From mboxrd@z Thu Jan  1 00:00:00 1970
From: Jay Vosburgh <fubar@us.ibm.com>
Subject: Re: [RFC] bonding: fix workqueue re-arming races
Date: Wed, 01 Sep 2010 13:00:38 -0700
Message-ID: <12656.1283371238@death>
References: <20100831170752.GA9743@midget.suse.cz> <20136.1283288063@death> <20100901131626.GA12447@midget.suse.cz> <24764.1283361274@death> <20100901183113.GA25227@midget.suse.cz>
Cc: bonding-devel@lists.sourceforge.net, markine@google.com,
	jarkao2@gmail.com, chavey@google.com, netdev@vger.kernel.org
To: Jiri Bohac <jbohac@suse.cz>
Return-path: <netdev-owner@vger.kernel.org>
Received: from e32.co.us.ibm.com ([32.97.110.150]:56744 "EHLO
	e32.co.us.ibm.com" rhost-flags-OK-OK-OK-OK) by vger.kernel.org
	with ESMTP id S1752841Ab0IAUAp (ORCPT
	<rfc822;netdev@vger.kernel.org>); Wed, 1 Sep 2010 16:00:45 -0400
Received: from d03relay04.boulder.ibm.com (d03relay04.boulder.ibm.com [9.17.195.106])
	by e32.co.us.ibm.com (8.14.4/8.13.1) with ESMTP id o81JqKtx013446
	for <netdev@vger.kernel.org>; Wed, 1 Sep 2010 13:52:20 -0600
Received: from d03av04.boulder.ibm.com (d03av04.boulder.ibm.com [9.17.195.170])
	by d03relay04.boulder.ibm.com (8.13.8/8.13.8/NCO v10.0) with ESMTP id o81K0geL121414
	for <netdev@vger.kernel.org>; Wed, 1 Sep 2010 14:00:42 -0600
Received: from d03av04.boulder.ibm.com (loopback [127.0.0.1])
	by d03av04.boulder.ibm.com (8.14.4/8.13.1/NCO v10.0 AVout) with ESMTP id o81K0ffq031116
	for <netdev@vger.kernel.org>; Wed, 1 Sep 2010 14:00:41 -0600
In-reply-to: <20100901183113.GA25227@midget.suse.cz>
Sender: netdev-owner@vger.kernel.org
List-ID: <netdev.vger.kernel.org>

Jiri Bohac <jbohac@suse.cz> wrote:

>On Wed, Sep 01, 2010 at 10:14:34AM -0700, Jay Vosburgh wrote:
>> 	I also thought a bit more, and in the current code, the mode
>> shouldn't change in the middle of one of the work functions, because a
>> mode change requires the bond to be closed, so the various work things
>> will be stopped (more or less; excepting the race under disucssion
>> here).
>>
>> 	I don't think this is true for the new wq_rtnl functions,
>> however, because its work items are not canceled until the workqueue
>> itself is freed in bond_destructor.  Does the wq_rtnl open new races,
>> because it's work items are not synchronized with other activities
>> (close in particular)?  It's possible for its work functions (which may
>> do things like set the active slave, carrier, etc) to be invoked after
>> the bond has closed, and possibly reopened, or been otherwise adjusted.
>
>I don't think this patch opens new races.

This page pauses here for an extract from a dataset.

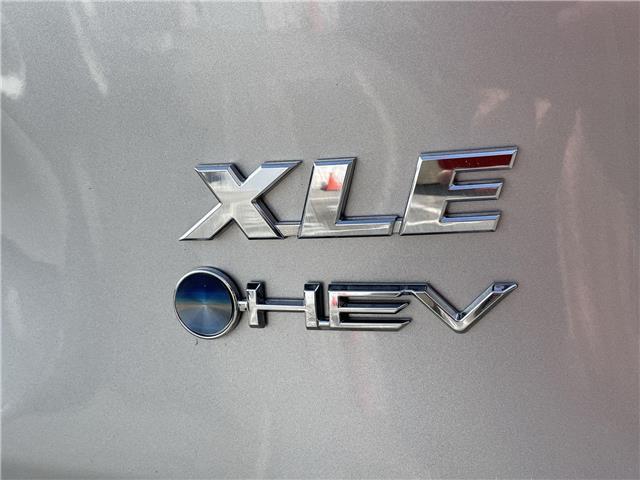 2025 Toyota RAV4 Hybrid XLE (Stk: 12U3702) in Concord - Image 13 of 46 2025 Toyota RAV4 Hybrid XLE (Stk: 12U3702) in Concord - Image 13 of 46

The current race
>scenario is:
>
>1) schedule_delayed_work(foo)
>2) foo's timer expires and foo is queued on bond->wq
>  (possibly, foo starts to run and either gets preempted or
>  sleeps on rtnl)
>3) bond_close() sets kill_timers=1 and calls
>  cancel_delayed_work() which accomplishes nothing
>4) bond_open() sets kill_timers=0
>5) bond_open() calls schedule_delayed_work(bar)
>6) foo may run the "commit" work that should not be run
>7) foo re-arms
>8) if (foo == bar) -> BUG	/* bond->mode did not change */
>
>With this patch, it is:
>
>1) schedule_delayed_work(foo)
>2) foo's timer expires and foo is queued on bond->wq
>3) foo may have queued foo_commit on bond->wq_rtnl
>4) bond_close() cancels foo
>5) bond_open()
>6) foo_commit may run and it should not be run
>
>The patch avoids the problem of 7) and 8)

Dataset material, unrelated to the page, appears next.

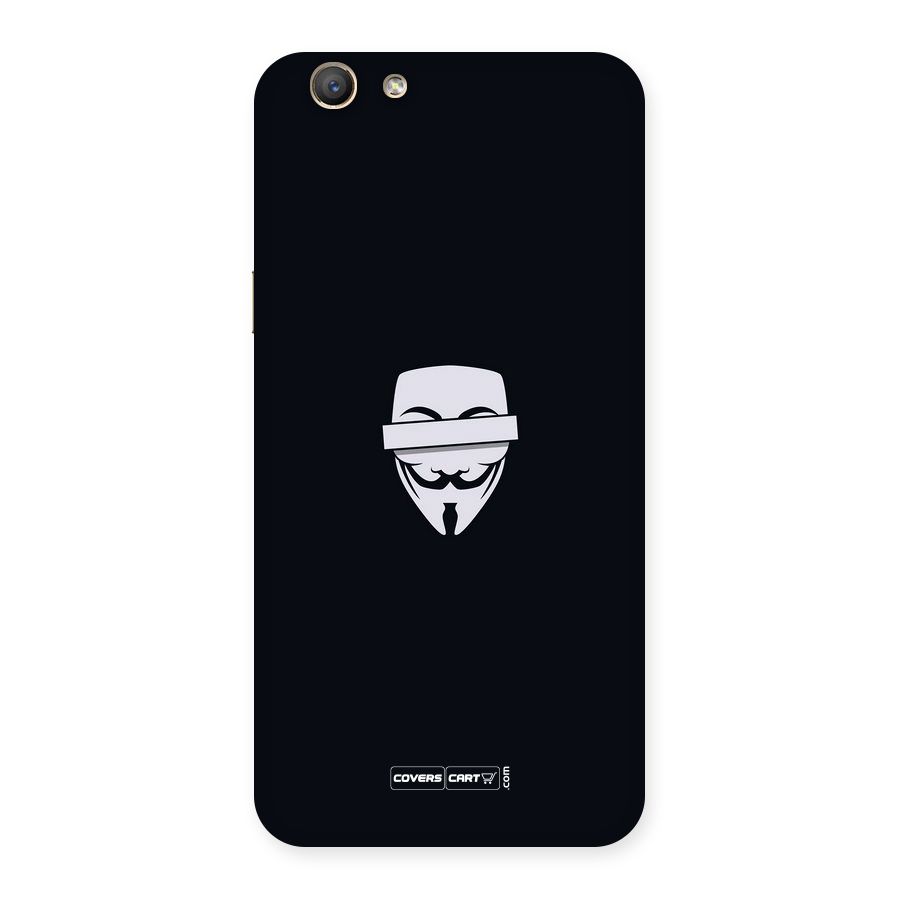 Anonymous Mask Back Case for Oppo A59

	But the "with patch" #6 is a bigger window; it doesn't require
step 5; the foo_commit, et al, can always run after bond_close (because
nothing ever cancels the foo_commit except for unregistration).  That's
the part that makes me nervous.

	The current race, as I understand it, requires a "close then
open" sequence with little delay between the two.

>I think the race in 6) remains the same. It is now easier to fix.
>This could even be done with a flag (similar to kill_timers),
>which would be set each time the "commit" work is queued on wq_rtnl and
>cleared by bond_close(). This should avoid the races completely,
>I think. The trick is that, unlike kill_timers, bond_open() would
>not touch this flag.

	I'm chewing on whether or not it's feasible to introduce some
kind of generation count into bond_open/close, so that, e.g., at
bond_close, the generation is incremented.  Each time any of the work
items is queued, the current generation is stashed somewhere private to
that work item (in struct bonding, probably).  Then, when it runs, it
compares the current generation to the stored one.  If they don't match,
then the work item does nothing.

	It's still a "kill_timers," but perhaps not subject to the
close/open issue that a boolean flag has.  It's also not all that
elegant, either, but maybe is less bad than the other alternatives.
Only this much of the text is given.